* WHAT YOU HAVE TO DO
Only the pictures are to be left out, and the rest of the entries should be reproduced exactly.
....
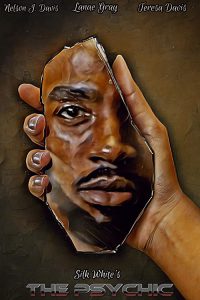 The.Psychic.2020.1080p.AMZN.WEB-DL.DDP2.0.H.264-TEPES – 4.9 GB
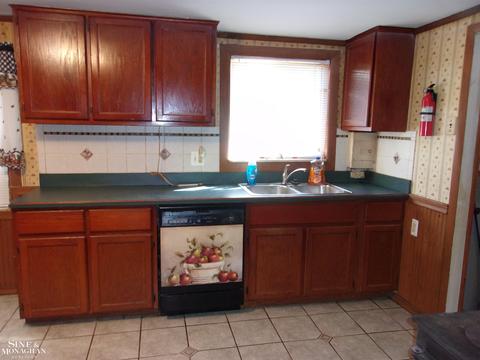 9341 Island, Clay, MI 48001 photo 12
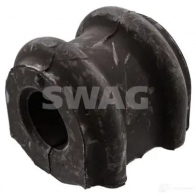 Втулка стабилизатора SWAG 4044688415080 1455848 91941508 RNR Z53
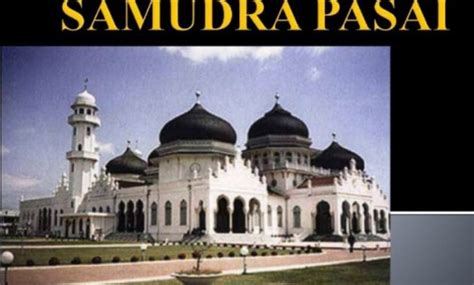 15 Kerajaan Islam Di Indonesia Serta Sejarah Dan Penjelasannya
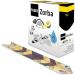 Buy Diversey D7523269 - Premium Cleaning Solutions | Fast International Shipping - Buy Online on GoSupps.com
....
* ANSWER BOX
 The.Psychic.2020.1080p.AMZN.WEB-DL.DDP2.0.H.264-TEPES – 4.9 GB
 9341 Island, Clay, MI 48001 photo 12
 Втулка стабилизатора SWAG 4044688415080 1455848 91941508 RNR Z53
 15 Kerajaan Islam Di Indonesia Serta Sejarah Dan Penjelasannya
 Buy Diversey D7523269 - Premium Cleaning Solutions | Fast International Shipping - Buy Online on GoSupps.com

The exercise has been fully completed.